Using $$a_1 a_2 = 1$$:

$$= (a_1 + a_2)^2[(a_1 + a_2)^2 - 4 + 4] = (a_1 + a_2)^2 \cdot (a_1 + a_2)^2 = (a_1 + a_2)^4$$

So $$|AC| = (a_1 + a_2)^2$$.

Given $$|AC| = \frac{25}{4}$$, we get $$(a_1 + a_2)^2 = \frac{25}{4}$$, so $$a_1 + a_2 = \frac{5}{2}$$ (taking positive value).

The area of the trapezium ABCD with parallel sides AD and BC along the y-axis is:

$$\text{Area} = \frac{1}{2}(|AD| + |BC|) \times h$$

where $$|AD| = 4a_1$$, $$|BC| = 4a_2$$, and the height $$h = |a_1^2 - a_2^2| = |a_1 - a_2|(a_1 + a_2)$$.
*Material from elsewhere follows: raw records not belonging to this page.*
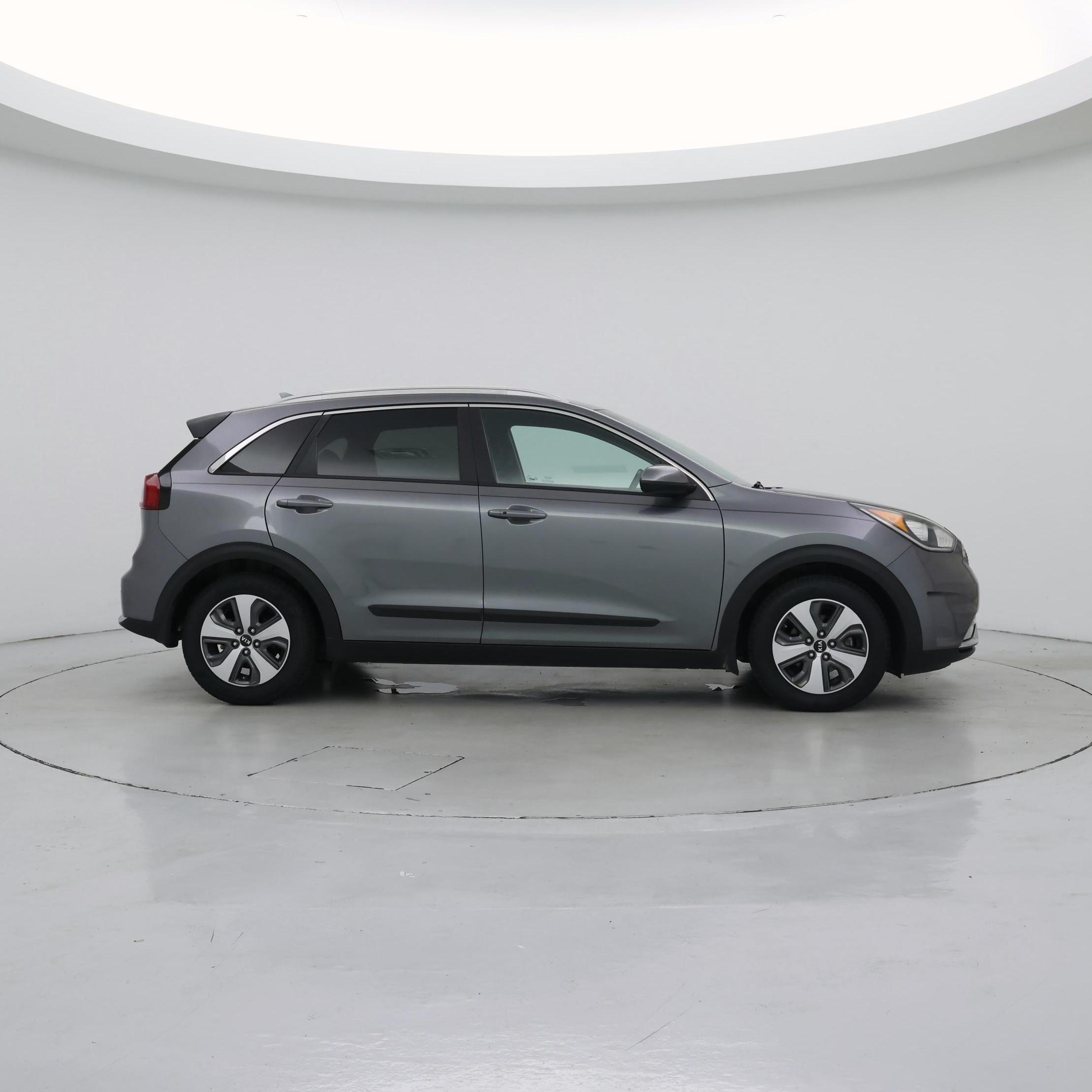 Thumbnail: 2018 Kia Niro - 7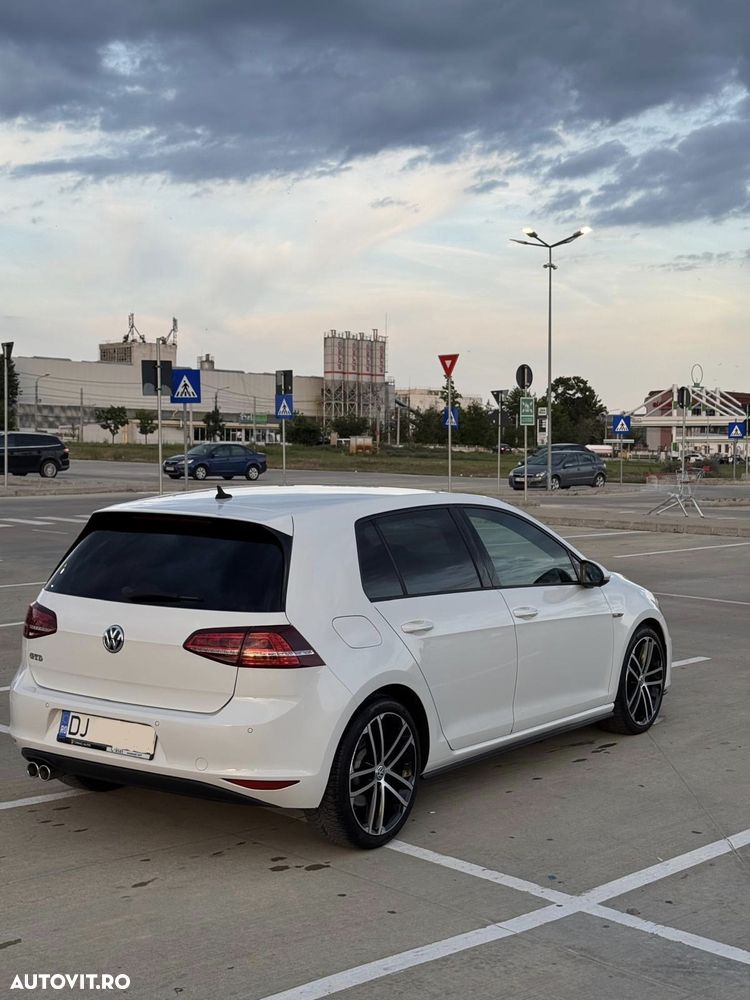 Volkswagen Golf - 5
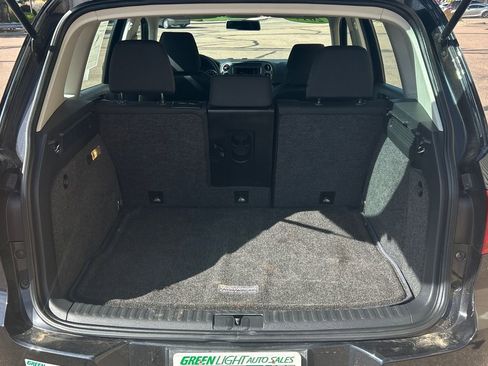 Used 2017 Volkswagen Tiguan S image 12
We need $$a_1 - a_2$$. From $$a_1 + a_2 = \frac{5}{2}$$ and $$a_1 a_2 = 1$$:

$$(a_1 - a_2)^2 = (a_1 + a_2)^2 - 4a_1 a_2 = \frac{25}{4} - 4 = \frac{9}{4}$$

So $$|a_1 - a_2| = \frac{3}{2}$$.

Therefore: $$\text{Area} = \frac{1}{2}(4a_1 + 4a_2) \times |a_1 - a_2|(a_1 + a_2)$$

$$= \frac{1}{2} \times 4(a_1 + a_2) \times |a_1 - a_2| \times (a_1 + a_2)$$

$$= 2(a_1 + a_2)^2 |a_1 - a_2|$$

$$= 2 \times \frac{25}{4} \times \frac{3}{2} = \frac{75}{4}$$

The area of trapezium ABCD is $$\frac{75}{4}$$, which matches Option A.